→ ASSIGNMENT
Search the records below for the word "Cover", then return every line where it appears.

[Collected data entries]
_____

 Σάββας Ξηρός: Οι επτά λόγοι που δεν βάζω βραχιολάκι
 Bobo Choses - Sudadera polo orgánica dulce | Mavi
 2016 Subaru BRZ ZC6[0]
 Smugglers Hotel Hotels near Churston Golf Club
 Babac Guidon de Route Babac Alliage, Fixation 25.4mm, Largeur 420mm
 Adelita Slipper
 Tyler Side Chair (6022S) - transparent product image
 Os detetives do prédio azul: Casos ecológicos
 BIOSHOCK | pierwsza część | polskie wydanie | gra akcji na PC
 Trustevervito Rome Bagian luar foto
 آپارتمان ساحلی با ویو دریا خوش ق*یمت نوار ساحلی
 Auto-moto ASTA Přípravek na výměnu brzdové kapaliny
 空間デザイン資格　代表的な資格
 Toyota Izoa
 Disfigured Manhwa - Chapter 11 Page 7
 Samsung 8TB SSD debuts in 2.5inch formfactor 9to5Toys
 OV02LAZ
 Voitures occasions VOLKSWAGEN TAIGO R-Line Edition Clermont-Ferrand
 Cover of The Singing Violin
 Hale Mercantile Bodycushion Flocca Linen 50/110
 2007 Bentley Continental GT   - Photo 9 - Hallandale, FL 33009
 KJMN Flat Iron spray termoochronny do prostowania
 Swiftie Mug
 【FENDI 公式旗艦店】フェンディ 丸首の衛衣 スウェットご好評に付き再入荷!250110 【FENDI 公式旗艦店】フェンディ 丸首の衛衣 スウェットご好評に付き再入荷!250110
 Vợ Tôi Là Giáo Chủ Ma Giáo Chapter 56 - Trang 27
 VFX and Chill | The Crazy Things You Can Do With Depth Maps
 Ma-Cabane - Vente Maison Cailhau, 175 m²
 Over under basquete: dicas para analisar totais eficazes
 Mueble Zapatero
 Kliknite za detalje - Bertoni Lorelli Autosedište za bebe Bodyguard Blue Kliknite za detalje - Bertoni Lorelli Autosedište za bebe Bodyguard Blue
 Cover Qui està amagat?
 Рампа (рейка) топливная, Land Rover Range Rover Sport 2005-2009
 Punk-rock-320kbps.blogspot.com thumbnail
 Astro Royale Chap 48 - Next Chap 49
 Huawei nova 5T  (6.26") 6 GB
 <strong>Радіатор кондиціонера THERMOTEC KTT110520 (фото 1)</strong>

_____

→ EXERCISE OUTPUT
 Cover of The Singing Violin
 Cover Qui està amagat?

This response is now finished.